Dr. Kittle elaborated on the importance of developing biodiversity surveys. “We have done some bird and butterfly surveys in the preliminary stage but we also want to do amphibian and reptile surveys as well. We also got examples of some endangered species in the system including primates and birds and butterflies,” he said.
“A year and a half has passed and this mixed habitat still needs to be protected,” Anjali further said. “The ridge should be protected not only because it has resident females but it is also one part of the watershed of Castlereigh and Maskeliya. There was a drought and a difficult time for tea production over the past few months, and as such, there’s a double benefit in protecting the ridge. Something we are also looking at is whether there’s enough food for the leopard to eat here and it seems like there is. When we did diet analysis it showed only a smaller percentage of domestic prey consumption. Therefore maintaining prey populations for the leopard will prevent animals comingin to human areas. Having some form of a habitat restoration to increase corridors between these ridge forests is the way forward.
Mixed landscapes have multiple owners and everybody needs to come on board to come up with a solution to have some extra protection in the Central Highlands. We have only got three protected areas with one being a national park.
She further said that the landscape is varied but is heavily utilized by wildlife. “With movements, we have observed it is important to keep these landscapes untouchable, to not put housing up there because there will be a risk of more human interaction. If you already have housed up there it’s better to give it more of a buffer and a forest corridor between the housing and the ridge.

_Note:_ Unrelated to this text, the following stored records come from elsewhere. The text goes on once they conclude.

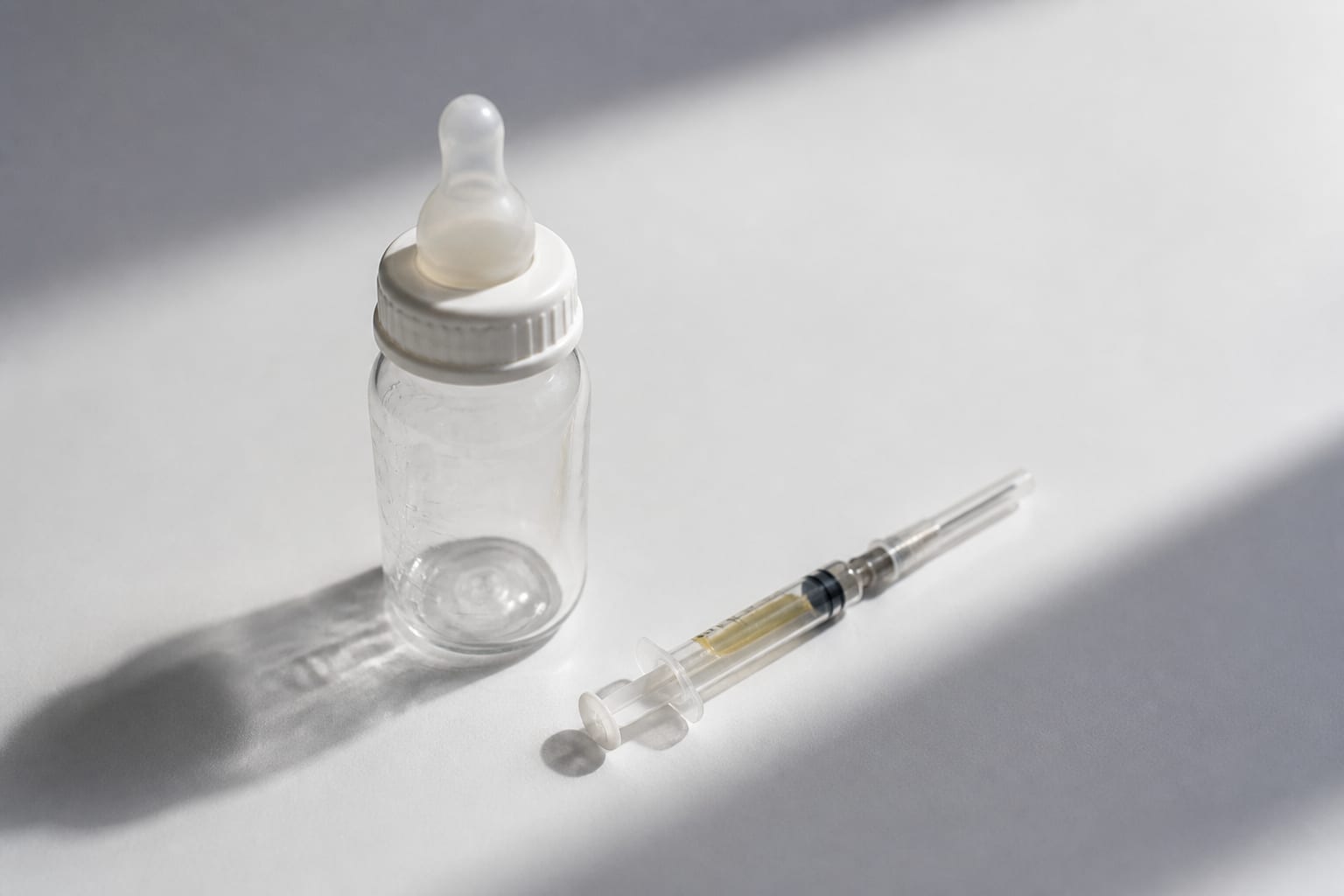 Riscurile reale pentru bebelușii care nu primesc injecția cu vitamina K la naștere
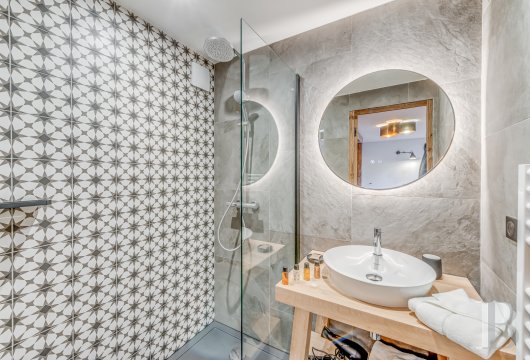 A former village house completely renovated to create a luxurious chalet in Tignes-les-Brévières in Savoie - photo  n°13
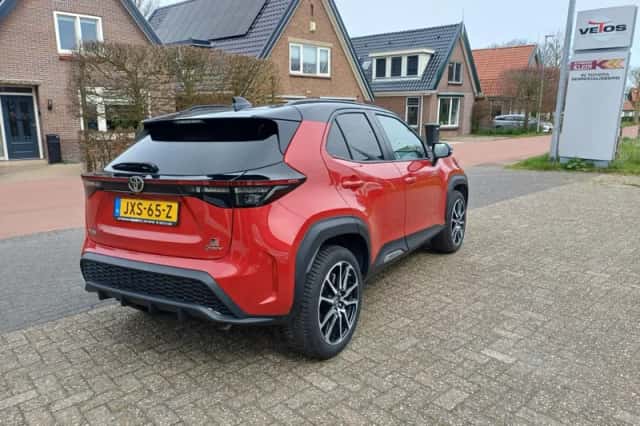 Toyota Yaris Cross (2024) thumbnail 3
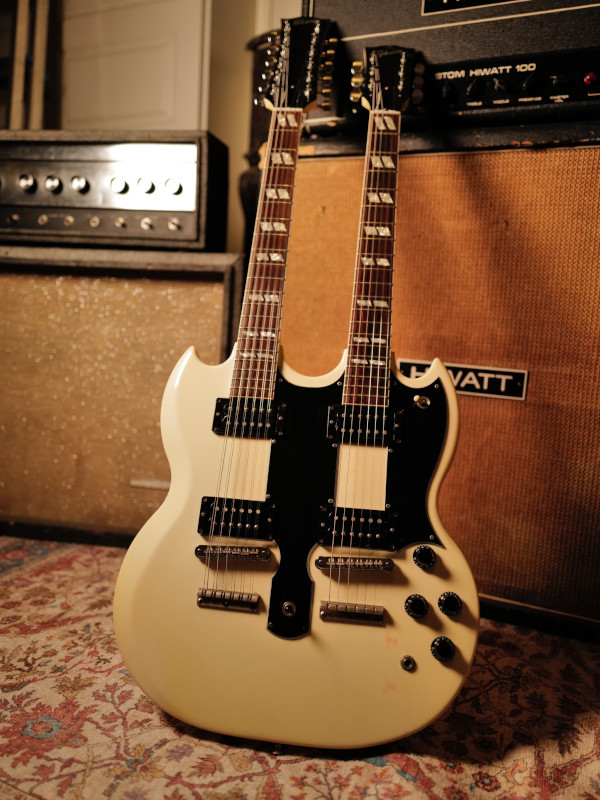 Een Gibson EDS-1275 in het hart van het gouden tijdperk van Def Leppard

Most communication towers are on ridges these areas would make for ideal little conservation zones. Wildlife has adapted to a tea landscape; but there are rivers, patches of forest and connectivity could be increased on that. We are working on protecting the ridge but we are taking it across the Central Highlands, Peak Wilderness going to Horton Plains to Agarapathana and other areas as well.
Continued monitoring is required in order to assess behavioral and feeding ecology (in terms of individual range and prey species), population dynamics and genealogy. This monitoring will be facilitated by the WWCT field base at the Dilmah Dunkeld Conservation Station. In conjunction with the specific awareness work, WWCT’s ongoing awareness programmes to the tea estate communities and plantation management on the importance of watershed forests, leopards and general wildlife conservation must be scaled up to include the proposed project actions.